Ben Sahar, at an age where most of his friends are studying for their bagruyot (high school matriculation exams) is on the verge of a breakthrough into one of the richest football teams in the world. He has already been banging in goals for Chelsea's reserve and U21 team and looks set to make his first team debut fairly soon. Fame, glory and considerable wealth await him in the English Premier League.
On his last visit to Israel however, Ben received a similar letter to that which all his friends received, requesting that he report to the army to commence the tests which would culminate in his serving 3 years in uniform. Although the army tends to put talented athletes in facilities where they can train, his manager at Chelsea, Jose Mourinho, could not have been best pleased at this state of affairs (which many would argue is a good thing)
The Guardian, reports that in Israel "sportsmen who refuse to fulfil their national service are prohibited from representing their country in national teams". If correct, this statement itself raises an interesting discussion, namely that Arab players such as Walid Badeer, who are not called up to serve can represent the Jewish State, whilst Jewish players, called up to serve but who do not want to, cannot.

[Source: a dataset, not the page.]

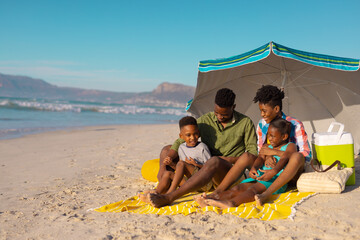 African american young parents with children sitting under umbrella on blanket at beach against sky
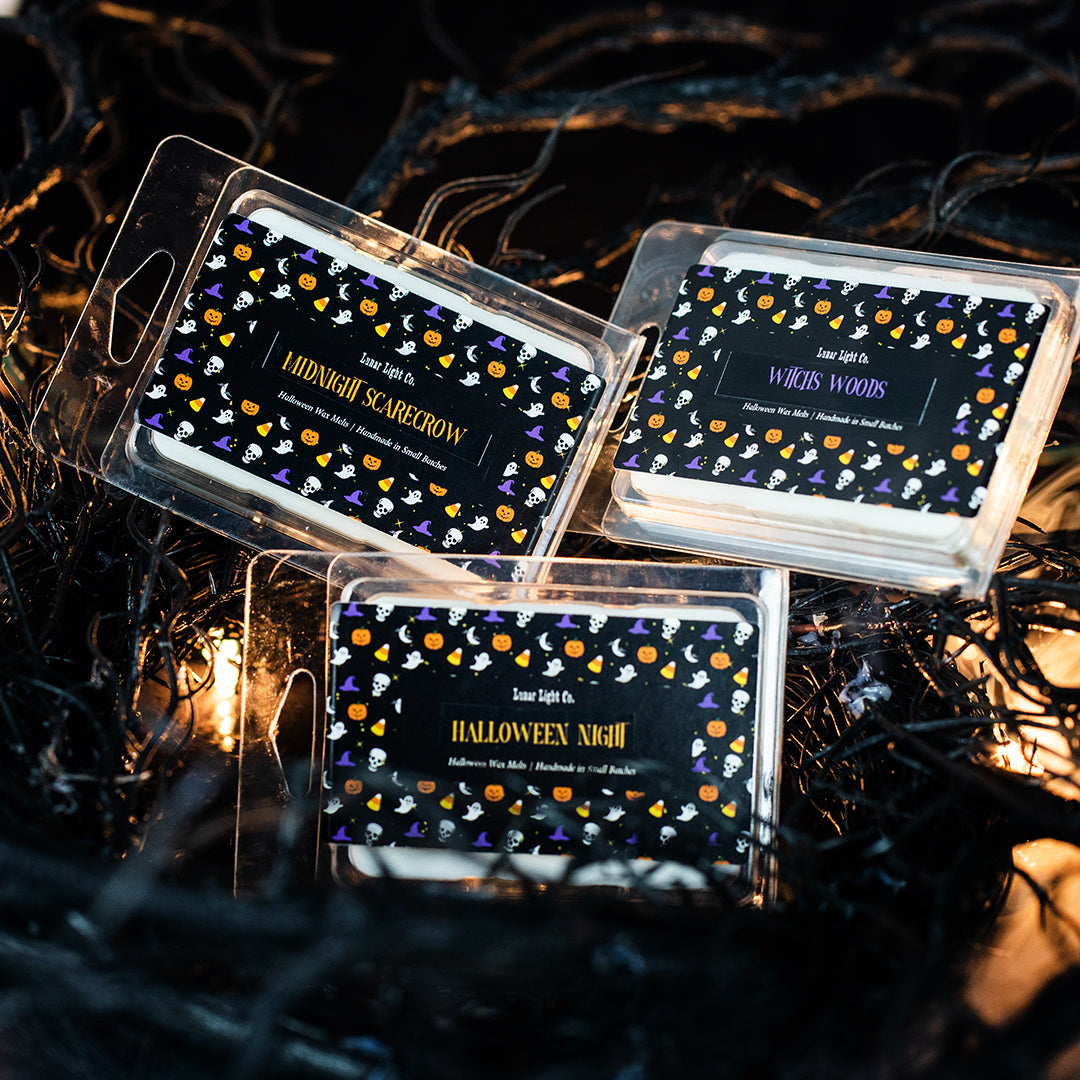 3 halloween wax melt packages on creepy background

In the past, this would have left Sahar with two options; either to serve and to put his career on hold (as did Yossi Benayoun and Eyal Berkowitz) or to stay put in England - in other words, desert from the army which would have meant not returning to Israel other than to serve jail time. The former option is to his detriment although Benayoun and Berkowitz are decent players, neither has played for a top side (only 2 Israeli players have). Chelsea attract the top talent in the world and to make the breakthrough to play alongside them must mean that Sahar is an outstanding talent - to put the brakes on his career would be bad both for him and for the national team. The other option would also be bad for the national team - he'd never play for them.
And so a third option has been found; MK Haim Katz (Likud) is proposing a bill which would allow him to "serve" in the Israeli Embassy in London whilst continuing his football career, and still being eligible for the national team. I for one, would not be surprised if our football loving PM called for coalition discipline and the bill were to pass into law.
This would seem to me to be an interesting but possibly dangerous precedent. Certainly, it's the case that the army already does make allowances for certain talents; those who are academic overachievers can study at University before joining up and can serve in their field and musicians can continue to develop their careers (albeit with limitations) in an entertainment troupe. In both cases however their is still time spent in uniform, directly serving the country. Whilst I would agree with Sahar's mother's to an extent that he will be an Ambassador on the pitch, it is difficult to quantify this contribution. How far would this idea be stretched? To any sport or only those which Israel deems important? And what about those who are talented in the arts?
Having grown up in England, I can testify to the importance of success in sport for unifying a nation. When England has performed well; in the World Cup of 1990, the Europeans in 1996 and the previous Ashes series, people have a pride in the nation and walk a little taller than normal - success internationally is important and if this step has the effect of strenghtening our sports teams then I believe that the idea will have served a good purpose, one which large numbers of Israelis will be supportive of - the idea of a deferment or ficitional service for the national good.
Just a shame it's Chelsea who'll benefit.